Legacy
Design and development of digital products in HMH was initially set up with much print design legacy.
• Content division was based on print page sizes
• Was often excessively long on screens
• Excessive accessibility bugs
• Assets did not follow best-practice for digital content
• Design quality far below par for the market position
The process used patterns but was based on a vendor model where revolving teams of offshore coders worked on task-level only, constantly losing knowledge as the teams shifted.

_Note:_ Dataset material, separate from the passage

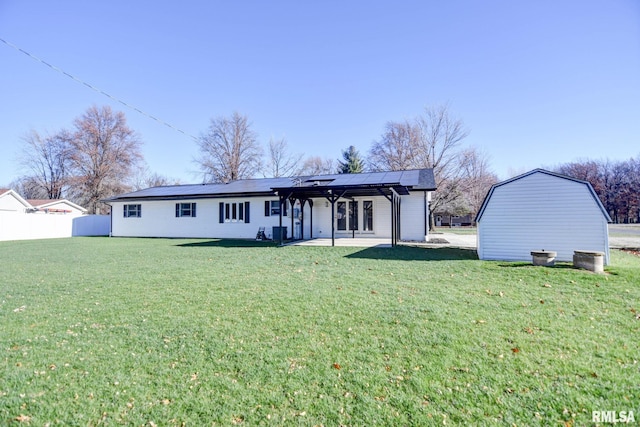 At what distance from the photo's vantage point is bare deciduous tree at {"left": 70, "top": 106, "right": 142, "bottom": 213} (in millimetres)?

• Disconnection between the back end, front end and the design produced bloated, conflicting code and sub-par visual and end-user experience
• The over-the-fence approach gave no platform for learning or growth between front-end development to the design team
• No holistic vision of product development
• Poor morale on internal teams
Change
• In order to succeed in the newly opened 2021 Florida market, an overhaul of the product was given a corporate green light and I led design into making more than was expected of this opportunity.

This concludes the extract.